━━ INFORMATION

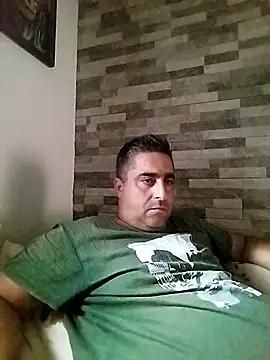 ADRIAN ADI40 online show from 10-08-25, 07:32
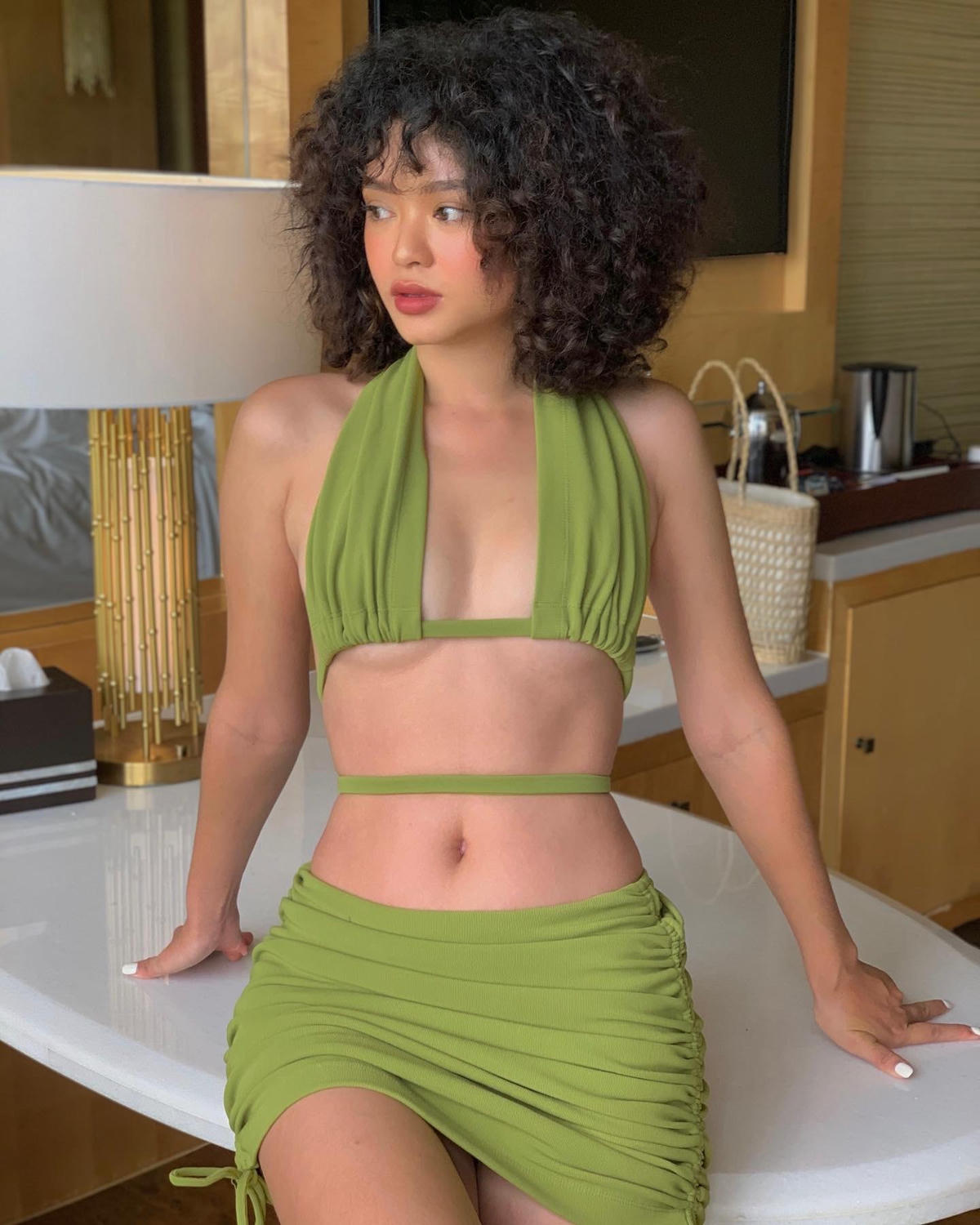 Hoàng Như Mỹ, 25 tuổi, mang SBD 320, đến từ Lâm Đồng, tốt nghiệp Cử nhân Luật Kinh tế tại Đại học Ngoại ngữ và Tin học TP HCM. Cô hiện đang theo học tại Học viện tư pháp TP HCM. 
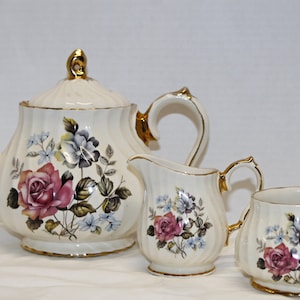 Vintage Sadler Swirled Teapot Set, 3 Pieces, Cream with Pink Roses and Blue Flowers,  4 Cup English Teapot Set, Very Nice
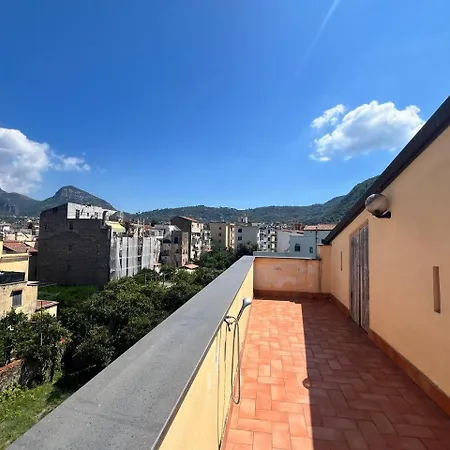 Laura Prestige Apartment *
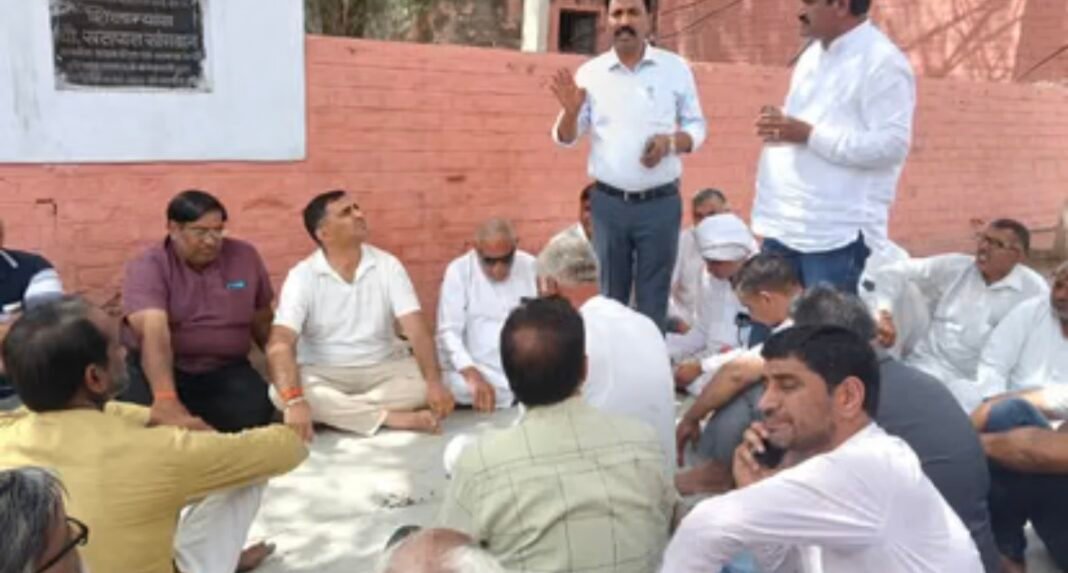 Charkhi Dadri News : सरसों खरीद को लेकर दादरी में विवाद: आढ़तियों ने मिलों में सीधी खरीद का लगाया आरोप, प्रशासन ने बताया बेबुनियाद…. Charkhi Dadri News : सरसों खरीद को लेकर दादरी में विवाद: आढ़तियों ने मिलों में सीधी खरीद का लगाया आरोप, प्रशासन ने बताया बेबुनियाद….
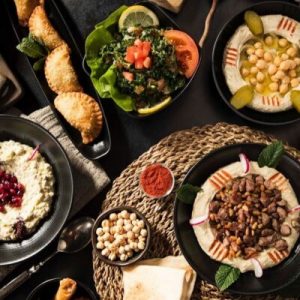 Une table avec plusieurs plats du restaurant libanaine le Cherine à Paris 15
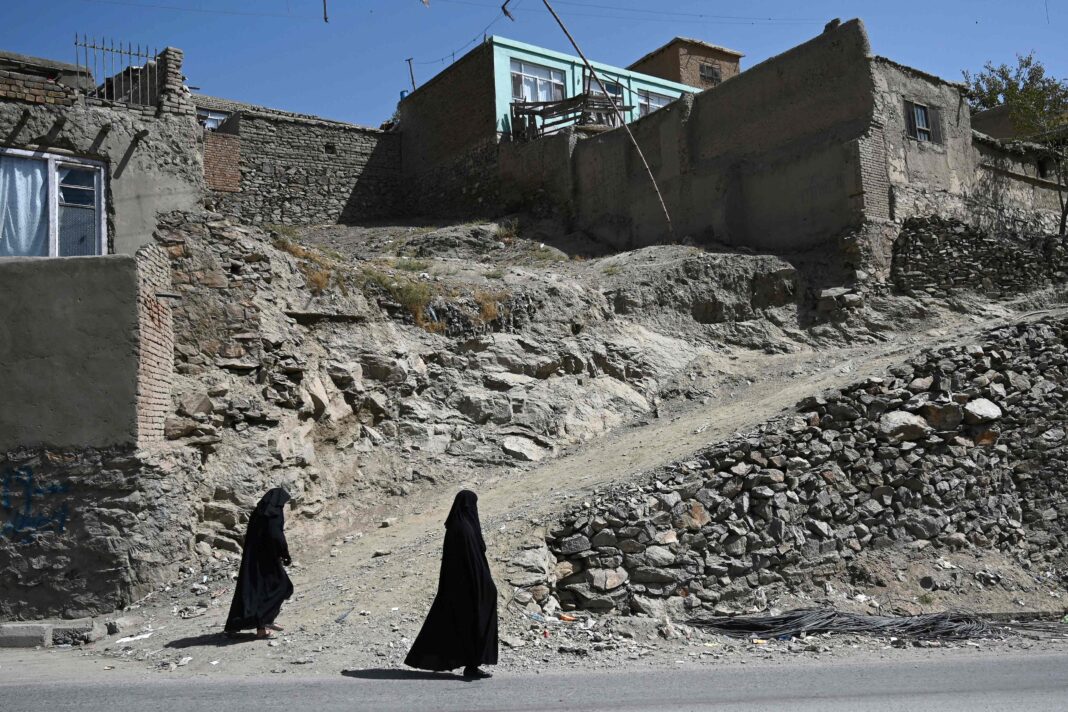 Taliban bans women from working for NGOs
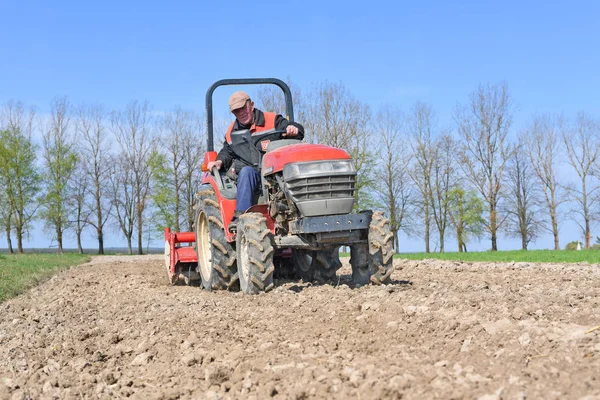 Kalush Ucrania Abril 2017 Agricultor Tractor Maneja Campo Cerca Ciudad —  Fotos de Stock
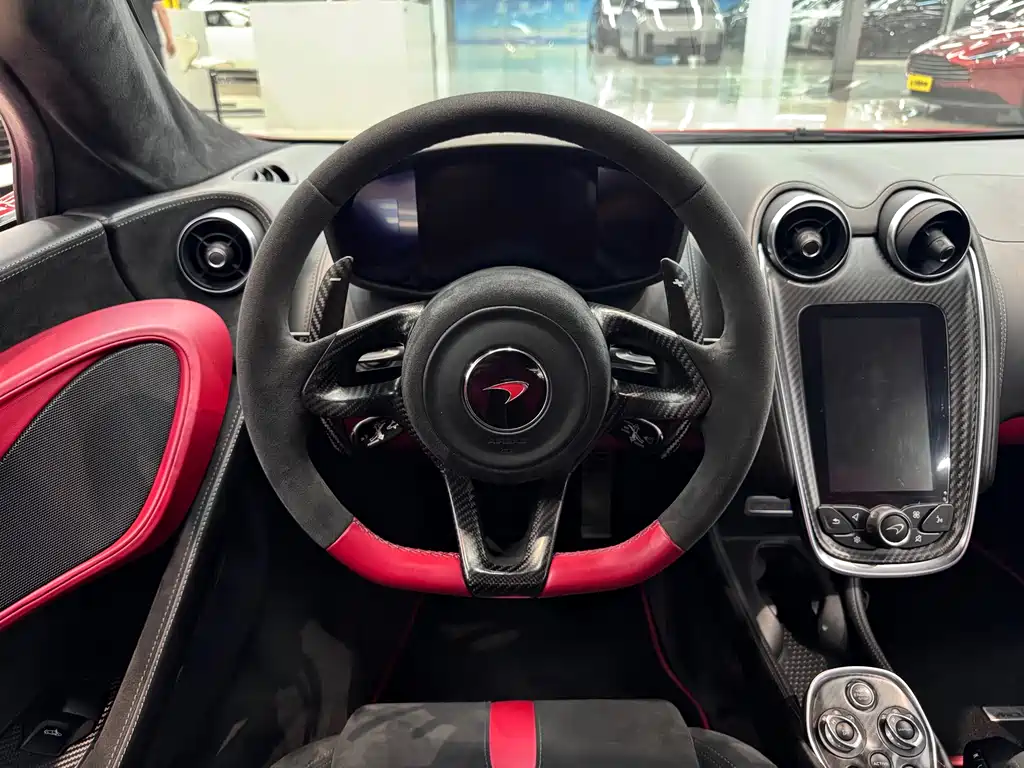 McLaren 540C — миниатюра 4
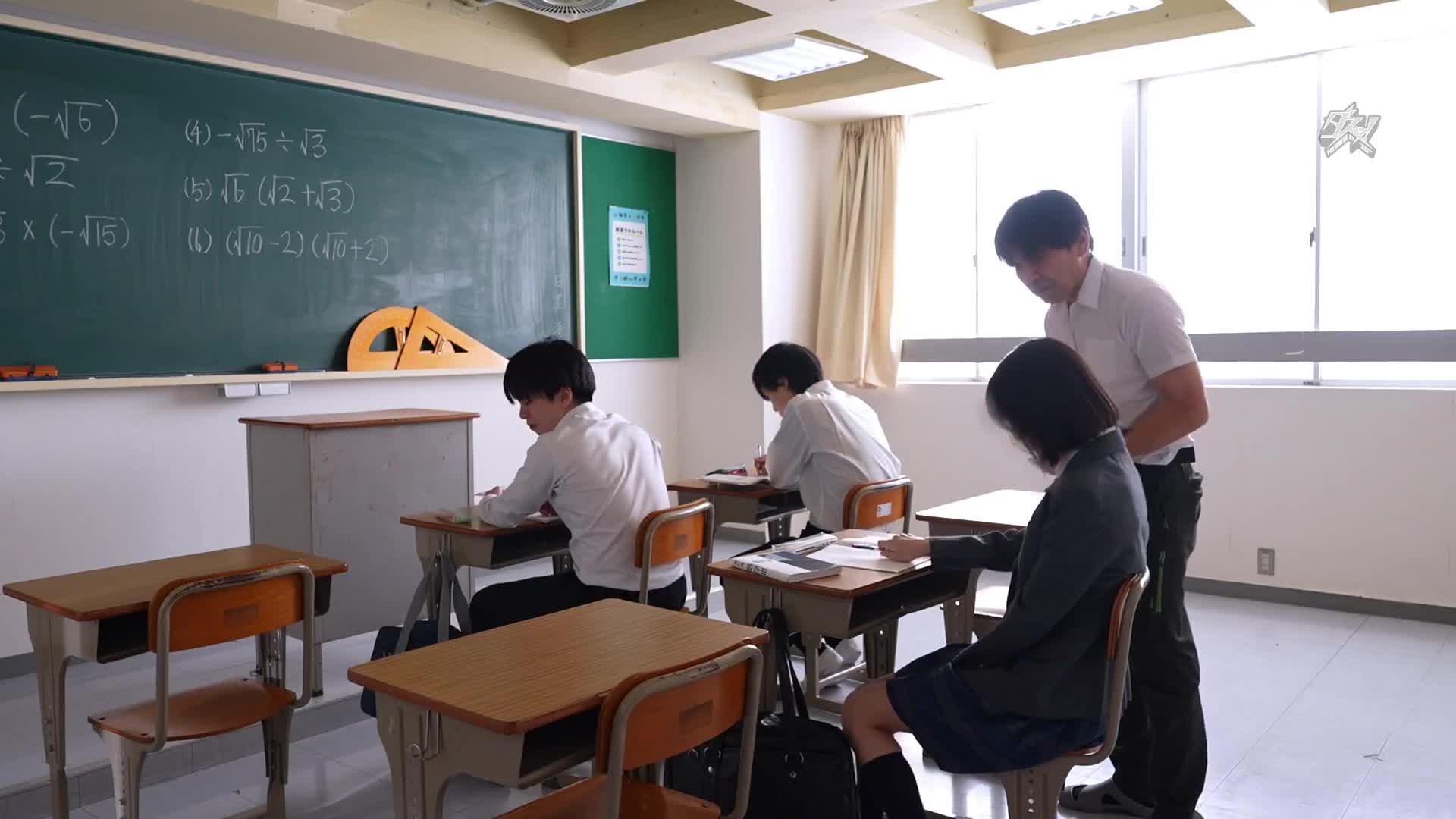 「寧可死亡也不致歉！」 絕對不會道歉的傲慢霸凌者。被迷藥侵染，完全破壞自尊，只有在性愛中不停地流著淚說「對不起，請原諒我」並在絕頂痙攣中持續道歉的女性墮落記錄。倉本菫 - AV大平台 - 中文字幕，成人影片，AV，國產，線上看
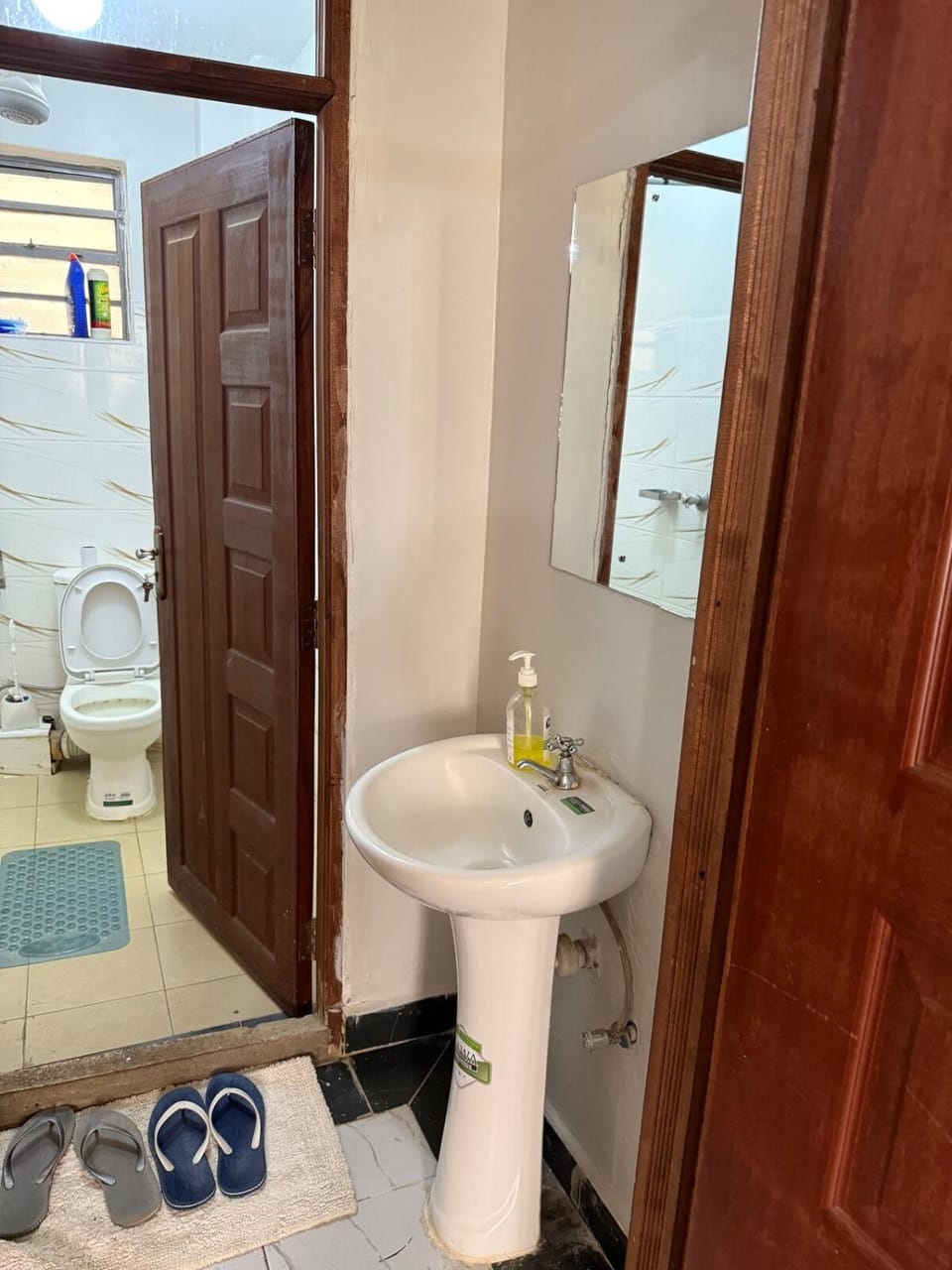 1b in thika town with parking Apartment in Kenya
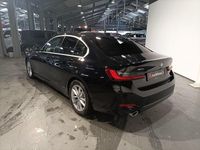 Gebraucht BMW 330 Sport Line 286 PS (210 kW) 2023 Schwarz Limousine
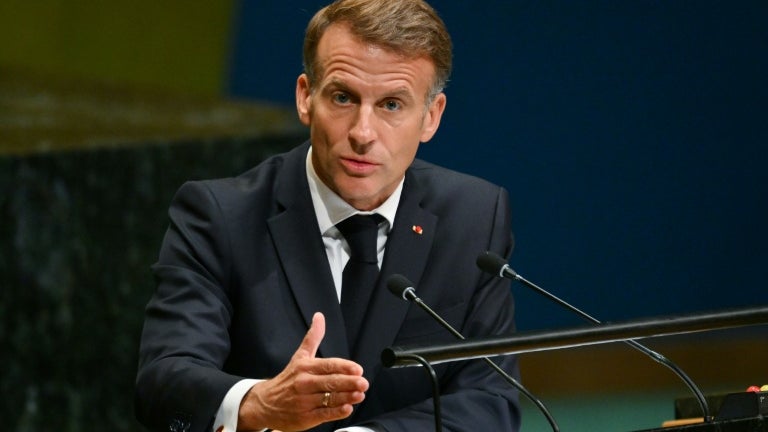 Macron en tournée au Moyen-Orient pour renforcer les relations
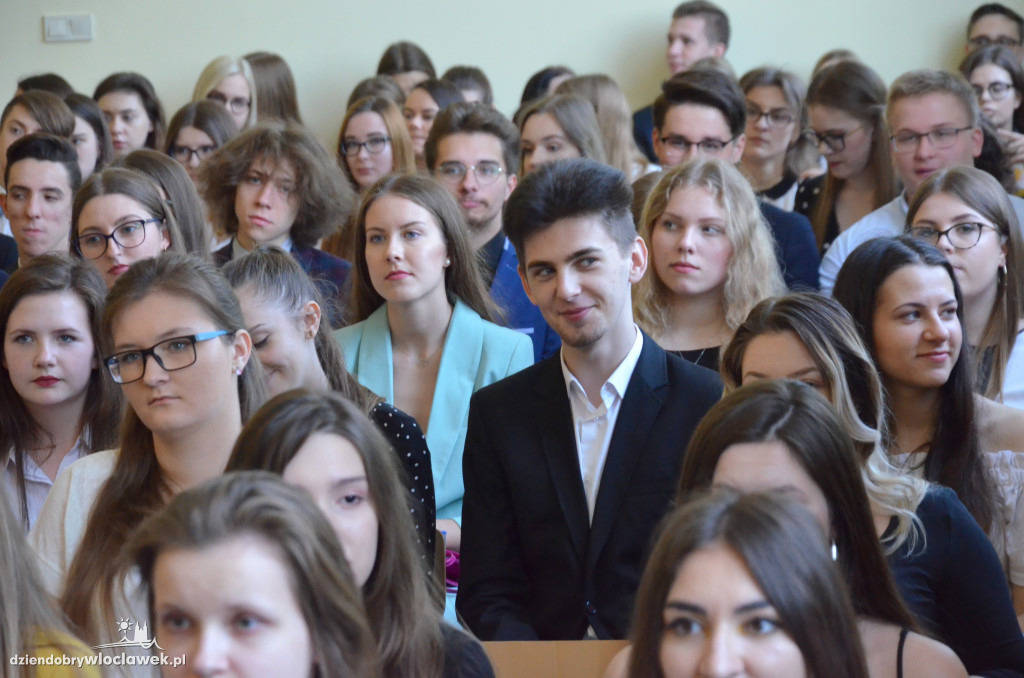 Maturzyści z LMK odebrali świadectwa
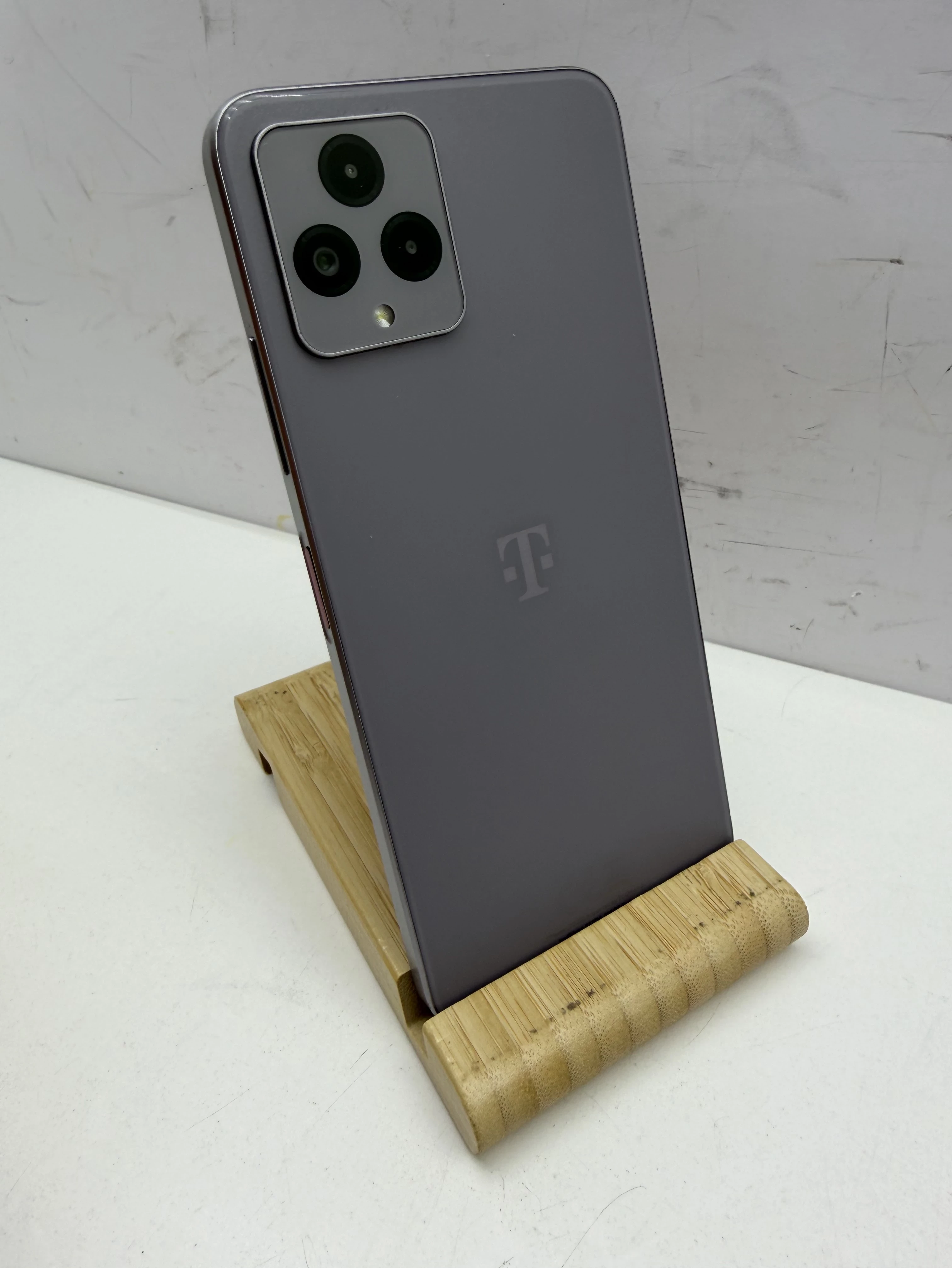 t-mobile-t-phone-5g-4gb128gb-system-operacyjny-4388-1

━━━━

:: EXERCISE DESCRIPTION ::
Take the line containing "AV大平台 - 中文字幕，成人影片，AV，國產，線上看" and every line after it up to the end of the entries, and quote them exactly. Both ends count; the pictures do not.

:: EXPECTED OUTPUT ::
 「寧可死亡也不致歉！」 絕對不會道歉的傲慢霸凌者。被迷藥侵染，完全破壞自尊，只有在性愛中不停地流著淚說「對不起，請原諒我」並在絕頂痙攣中持續道歉的女性墮落記錄。倉本菫 - AV大平台 - 中文字幕，成人影片，AV，國產，線上看
 1b in thika town with parking Apartment in Kenya
 Gebraucht BMW 330 Sport Line 286 PS (210 kW) 2023 Schwarz Limousine
 Macron en tournée au Moyen-Orient pour renforcer les relations
 Maturzyści z LMK odebrali świadectwa
 t-mobile-t-phone-5g-4gb128gb-system-operacyjny-4388-1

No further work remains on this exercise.